But these foods were part of a broader trend that was affecting the Seven Lands. From what Randidly could gather, strange emerald springs had appeared in some of the deeper tunnels. His Ignition of the Emerald Essence made manifest. Still, all was not well in paradise. This was a problem because the glowing waters attracted the Soulless, and if allowed to feed for extended periods of time, they grew at a horrifying rate.

Similarly, this was a boon to Carthak because it provided them with a much-needed food and industry source. A single drop of the emerald nectar, as they called it, fed one of the vast pools that bred these little eels for a week. They harvested hundreds of the fuckers a day, and more and more spawned every second.

Randidly had seen people leave out a bowl of the emerald essence in a small cave and moss would grow overnight on every exposed wall. People had begun cultivating the strangely thick and filling moss, selecting strains and teasing out the secrets of breeding them for flavor. A cottage industry that was a hybrid between breeding spices and growing tea quickly developed.

They hadn’t realized that their fragrant moss could be used in that way, but Randidly had pushed a few talented young chefs to try boiling the moss to add a little extra oomph to their recipes.

Carthak was slowly blooming into a city. But the outlook wasn’t entirely rosy.

“We are doomed,” Grem mumbled. Grem was an old Monster that had escaped before the Procession, as the mass of bodies devouring the lands as they fled down the World Tree was called, had reduced the Monster Land a place of broken people and bandits with no food to be found.

“We… we could bribe them, couldn’t we?” Ella, a young Earth Golem whined. “Our food stores are growing; if we give them enough, wouldn’t they be happy to avoid Carthak? Plus all of our stuff is underground-”

“If you think that they won’t take it all, your brain is softer than the dumplings you are eating,” Vollusk announced. Vollusk was a Spriggit, one of the few in Carthak, but was extremely respected due to him modernizing of Carthak industry. Without Vollusk’s rather cheaply made power frame mechs, moving so much rubble to clear the mountain tunnels would have been impossible. It was also his team that ensured that the mountain remained structural sound in the face of an increasing clamor for expansion. “There are three factions in the Procession, you know. Even if the main baggage train doesn’t pass near us, one of the factions will raid us in order to gain riches to tempt more followers to their side.”

Grem nodded, his typically grim expression in place. “Each faction has warriors numbering in the tens of thousands. Even if we were to put every capable warrior we have out there, we would at best be able to beat them back and slink home with half of the forces we came with. Fighting will lead to death.”

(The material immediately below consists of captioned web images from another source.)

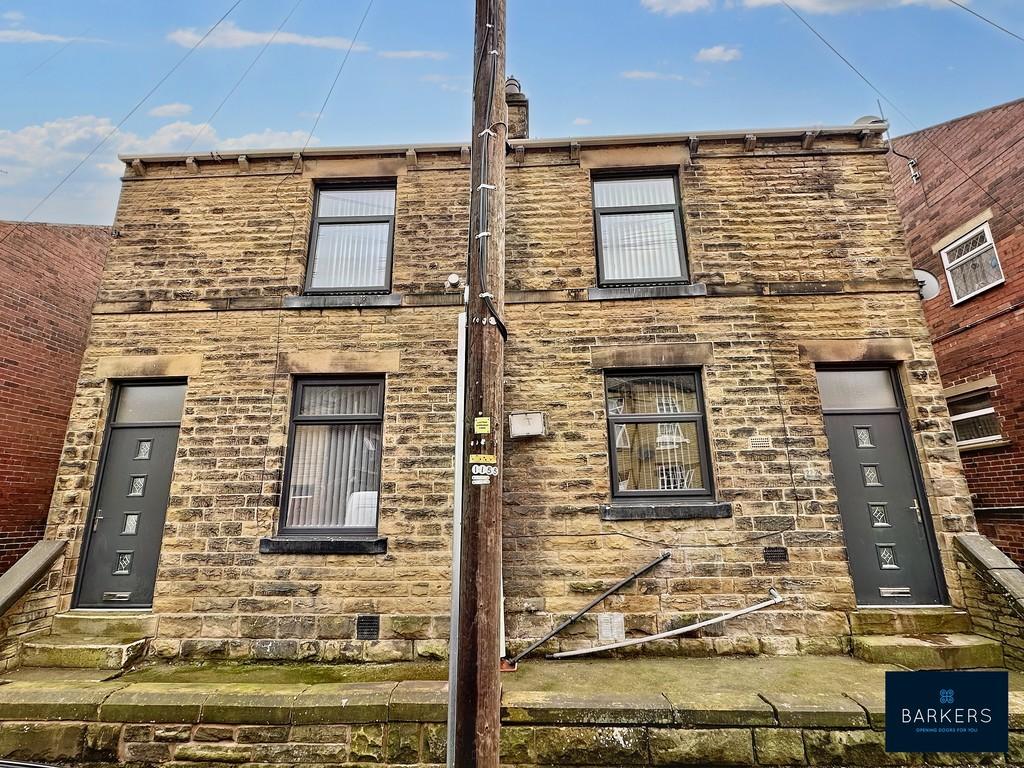 Pearl Street, Batley 3 bed end of terrace house for sale £145,000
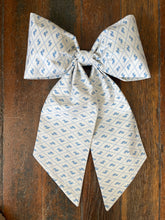 Load image into Gallery viewer, Big Beautiful Bow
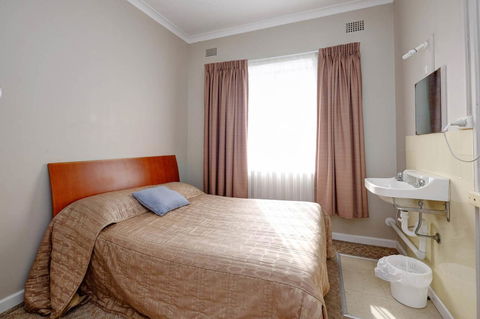 Lakes And Ocean Hotel Forster - Accommodation Brunswick Heads 9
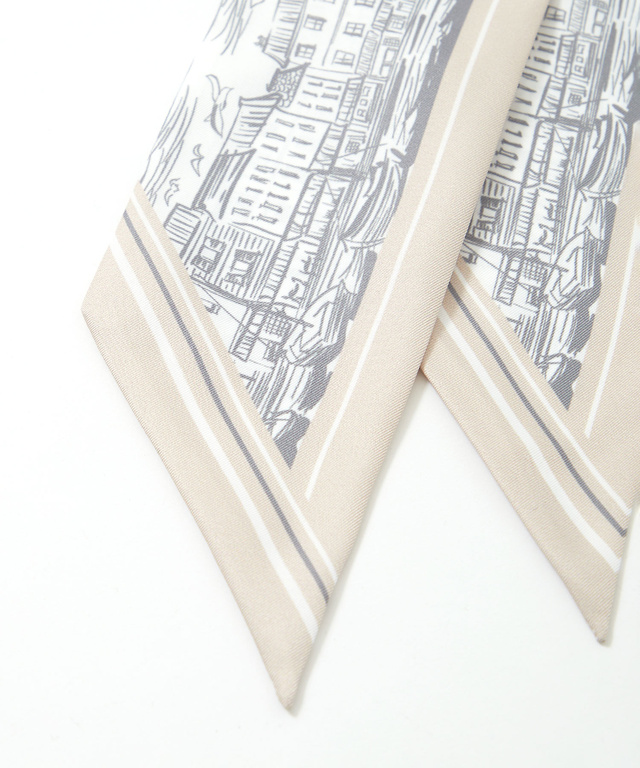 剣先型 プリント スカーフ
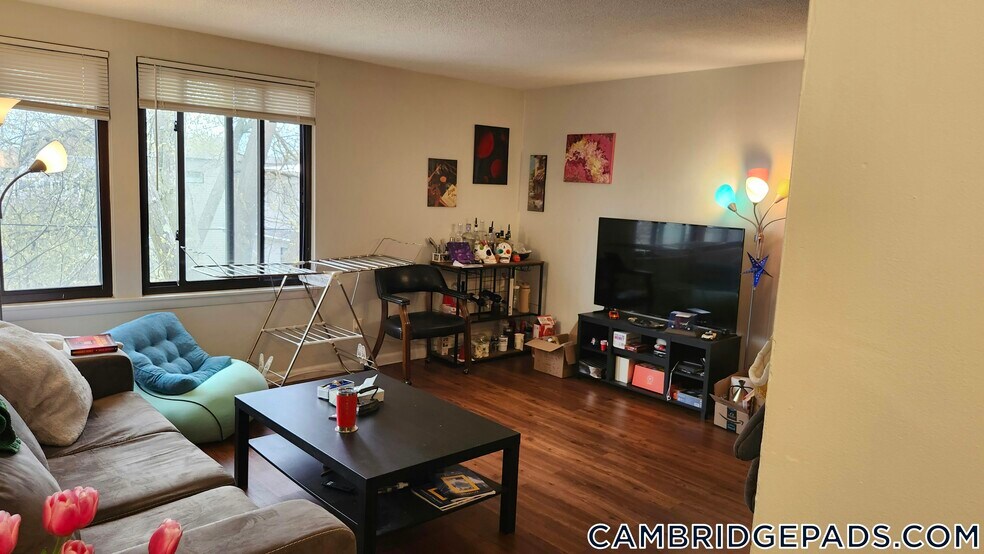 Building Photo - 20 Hubbard Park Rd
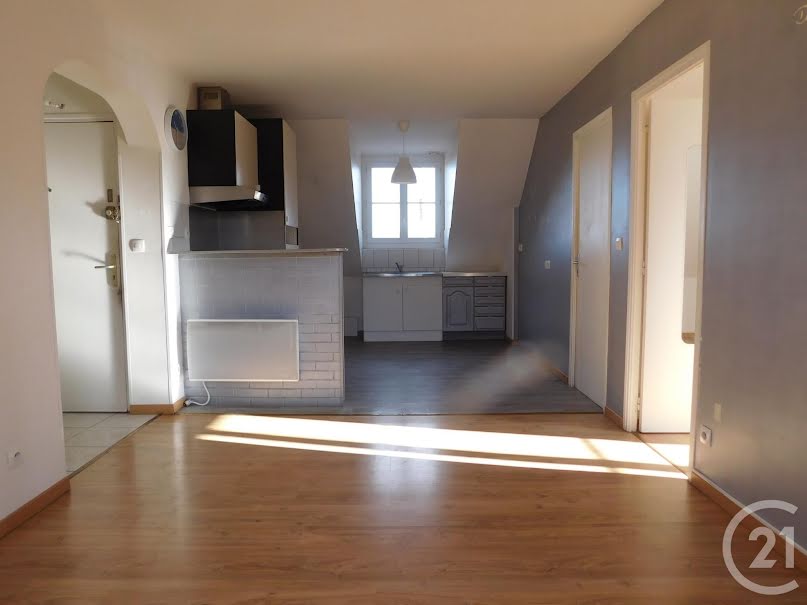 Location  appartement 3 pièces 44.33 m² à Etampes (91150), 650 €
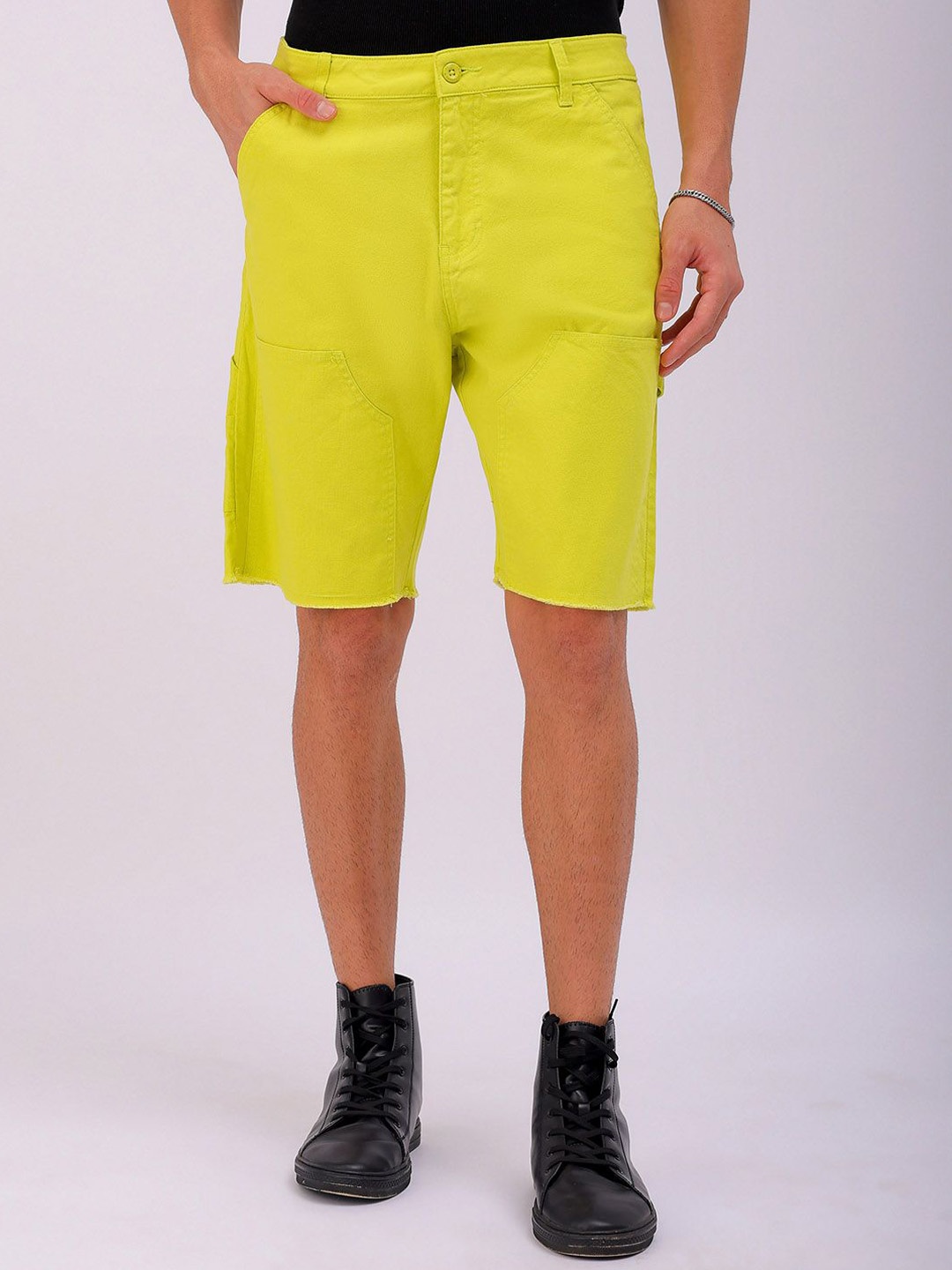 

The Indian Garage Co Men Shorts, Green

“Lady Allica wouldn’t let that happen,” Ella whispered.

“Lady Allica’s requests to broker an agreement with the Monster Faction fell on deaf ears,” Vollusk said with a shake of the head. Randidly thought that his curly hair made the Spriggit man look like an adorable child next to Ella, the towering Earth Golem. But it was heartwarming in a strange way to see them leaning toward each other at a small table together.

This was the point of the world, Randidly reflected. To allow people to choose their own paths forward. To choose who you wish to walk with.

“The only option we have left is to fight. If I had more of a budget, combat mechs-” Vollusk continued.

Grem silenced the Spriggit with a glare. “You already had to make so many aesthetic alterations to get the people of Carthak to accept your industrial models. The memory of the High King’s Folly is too fresh for Carthak to realistically deploy anything near combat mechs. It’s bad enough that the Procession has them.”

“Is the Black Iron Queen really a mech that killed so many that blood magic brought it to life?” Ella whispered.

Vollusk snorted, even as Grem nodded sagely.

“Aye, that is one story of her origin,” Grem said. “Others whisper that she used to be a beautiful woman who was scarred in the war. Such was her twisted heart that she started replacing her body with metal to feel beautiful again, but each time she only grew uglier and more twisted. But her power is unrivaled. The Black Iron Queen’s faction is the most vicious and powerful in the Procession.”

Randidly’s gaze was sad as he looked down at his soup. He had not yet left Carthak to check on the details, but there was something inside of him that told him he knew who the Black Iron Queen was.

Oh Lucretia, must you truly follow this tragedy to its end? Randidly thought sadly. He felt a great deal of pity for the woman compelled by guilt from missing her real child’s life to follow a surrogate daughter’s demise so closely.

“But…” The tremor was clear in Ella’s voice. “Is she really that strong? Stronger than the Scarred One?”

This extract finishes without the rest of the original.